# REEL SERVICING GOLD COAST



## munro91 (Oct 18, 2011)

so i picked up a second hand shimano stradic 4000 ci4 today for $120 off gumtree and was wanting it to get a bit of a check up and service before i put it to the test and it fail. I did have a bit of play with it before i bought it and it all felt smooth with no clunkiness or anything. theres not even a scratch on it that i can see and the seller said he brought it for his son about 2 years ago but his son moved over seas so decided to make some money from it. I also pulled the handle and spool off when i got it home and it didnt have any crap/dirt/salt or anything that i could see in there but im no expert haha

so i just wanted to know if anyone knows of a decent/affordable reel service person/shop on the goldy that they have used and are happy with.

kind regards,
munro


----------



## spottymac (Aug 29, 2005)

Hi Munro 
I have started to service my own reels.
Alan Tani has a awesome site for doing up reels.
See the tutorial below 
http://alantani.com/index.php?topic=914.0

Raff at Gold Coast Bait Tackle is good, you will find them on Brisbane Rd, Shop 2 - 57 59 , Biggera Waters.
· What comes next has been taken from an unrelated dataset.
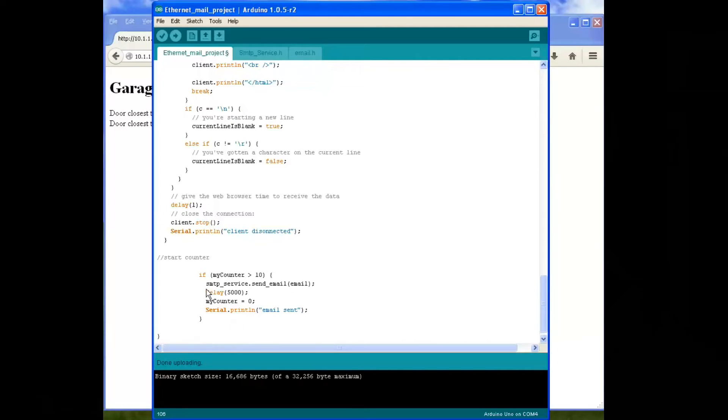If the counter is greater than a preset value - if you have your web server refreshing every 10 seconds and you set your counter to 6, obviously that means that the email will go off with one door open every minute. That's too frequent, you might want to expand that out. I'll probably be setting my web page to refresh every 30 seconds and I'll set my counter to something like 20, which will give me a 10 minute window.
A few of the Boys get there reels done at Palm Beach Bait and Tackle next to the Cash Converters.

Hope this helps


----------



## Slazmo (Oct 18, 2010)

Peter Charles - Reel Service Australia. He's a personal friend of mine & have known him for the last 17 years and all of those he's been in the reel service game. Shimano and Daiwa and others certified etc... Lots of knowledge & advice!

Located at unit 1 / 8 Topaz Ct, Holywell. 4216. Or call 55 642052.


----------



## munro91 (Oct 18, 2011)

Thanks for the tip slazmo the name won't be forgotten next time I need a reel serviced.


----------